Task instructions » Quote all of the data exactly as given. Skip every picture it contains.

Data segment »
# # #

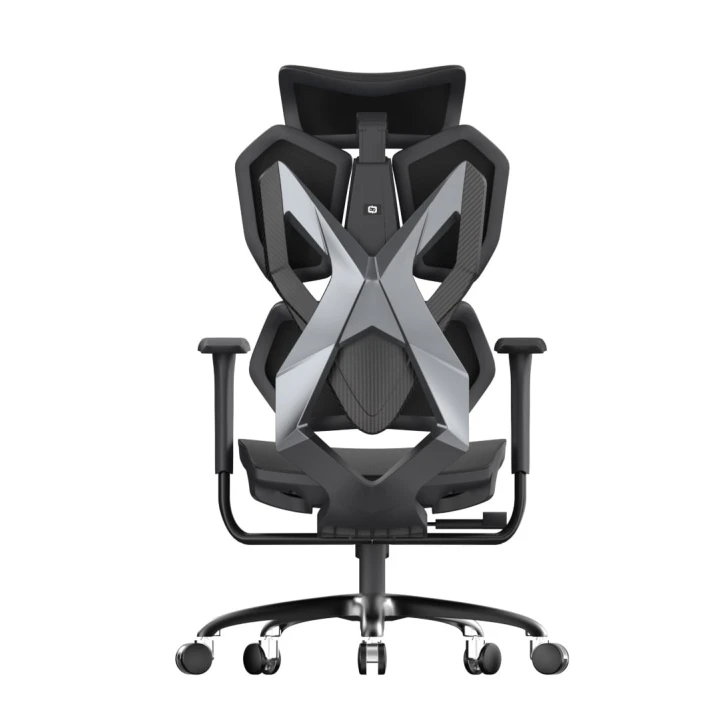 Fotel obrotowy dla graczy do biura ergonomiczny regulowany gamingowy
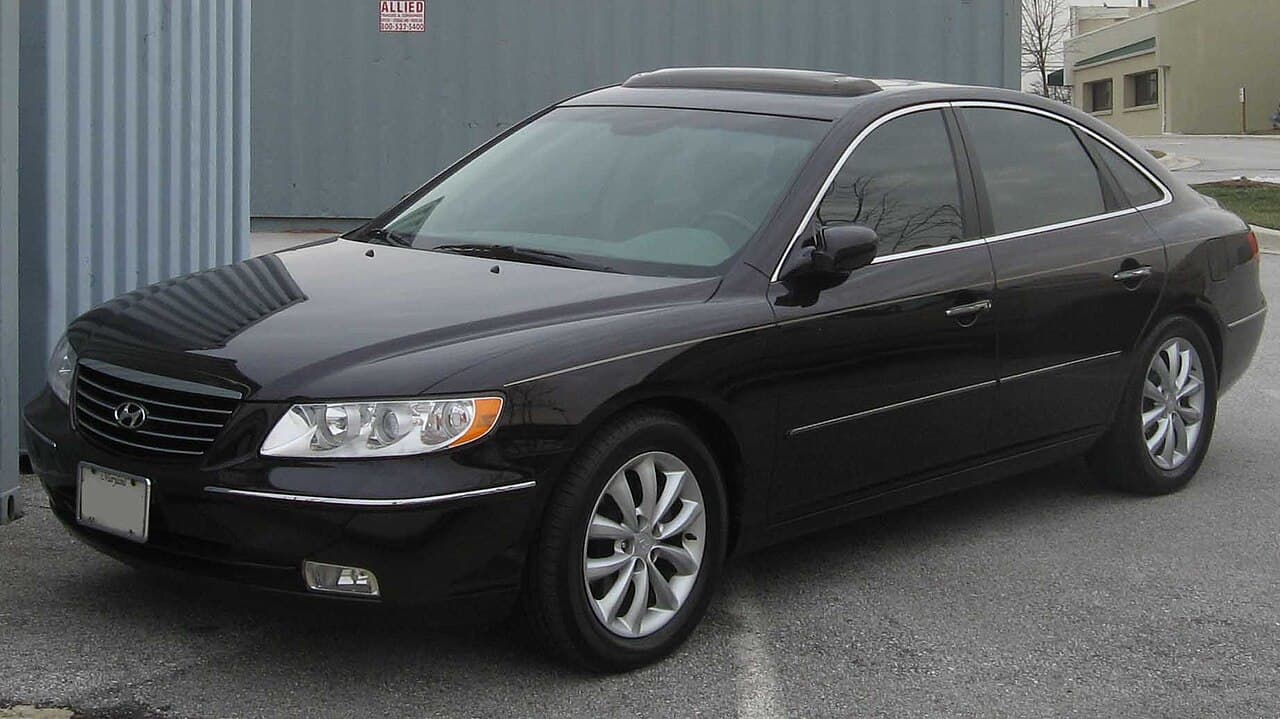 Hyundai Azera, representative photo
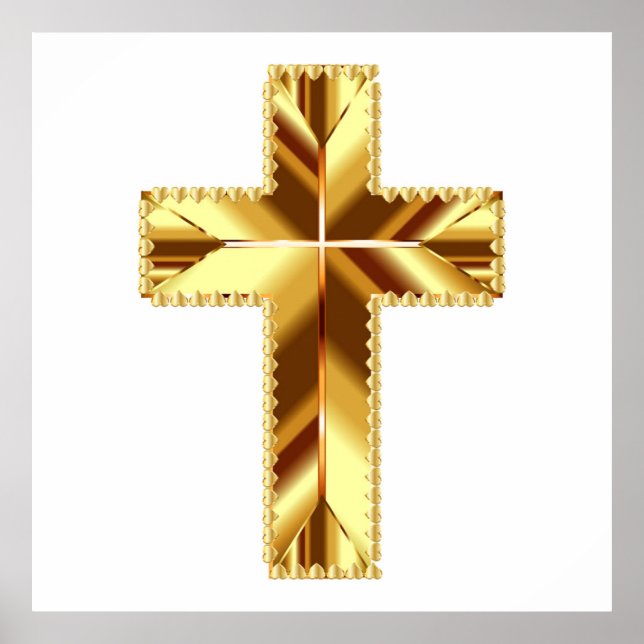 GOLDEN HOLY CROSS POSTER (Vorne)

# # #

Answer to the problem »
 Fotel obrotowy dla graczy do biura ergonomiczny regulowany gamingowy
 Hyundai Azera, representative photo
 GOLDEN HOLY CROSS POSTER (Vorne)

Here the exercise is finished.